Police to control the behaviour and safety in traffic of vulnerable road users

Publication date 30.9.2022 13.22
News item

The police will organise intensive controls of compliance with the traffic rules and the safety of unprotected road users on Monday 3 October 2022.

Control will be targeted in particular at cyclists and operators of light e-vehicles and focus on compliance with the rules at traffic lights, cyclists riding on the pavement and operators of light e-vehicles driving on the pavement, compliance with give-way rules at junctions and the use of headlights in the dark and dusk.

Control will be targeted also at motorised vehicles.

“The police will also intervene in stopping and parking that inconveniences and endangers the mobility of vulnerable road users,” says Chief Superintendent Heikki Kallio at the National Police Board. 

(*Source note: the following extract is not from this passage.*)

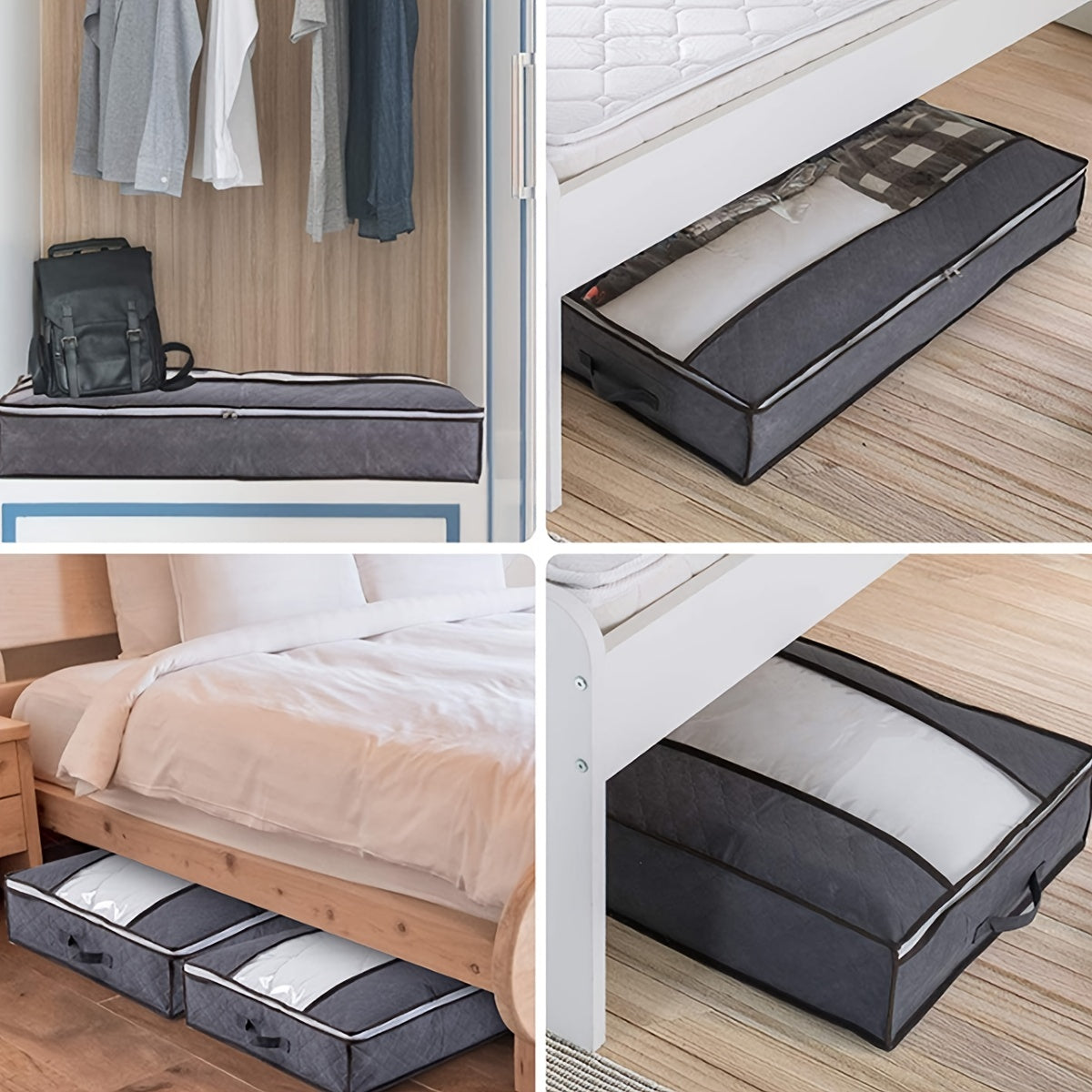 Yotoq ostidagi saqlash sumkasi, katta hajmli changga qarshi tekis saqlash tashkilotchisi, uy ro‘zg‘or qavatlari uchun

Kallio says that the police will mostly intervene in cases where a vehicle has illegally stopped or parked on a pavement, pedestrian crossing, cycle path, cycle path extension or within five metres before a pedestrian crossing, cycle path intersection or cycle path extension intersection. Parking control will be carried out together with municipal parking control authorities.

Vulnerable road users account for a high rate of fatalities

“Vulnerable road users accounted for 47% of road traffic fatalities in the EU in 2017. This figure includes motorised two-wheeler vehicles. This is why the safety of these road users must constantly be the focus of safety work,” says Kallio.

Statistics published by Statistics Finland show that 534 cyclists, 255 pedestrians and 598 motorcyclists were injured in road traffic (incidents of which the police are aware) last year.

”It should be pointed out, however, that the police are not made aware of all accidents involving cyclists, especially so-called single accidents, where there are no other parties involved and so these are not recorded in the official statistics. This means the number of injuries is significantly higher that the so-called official statistics,” Kallio reminds us.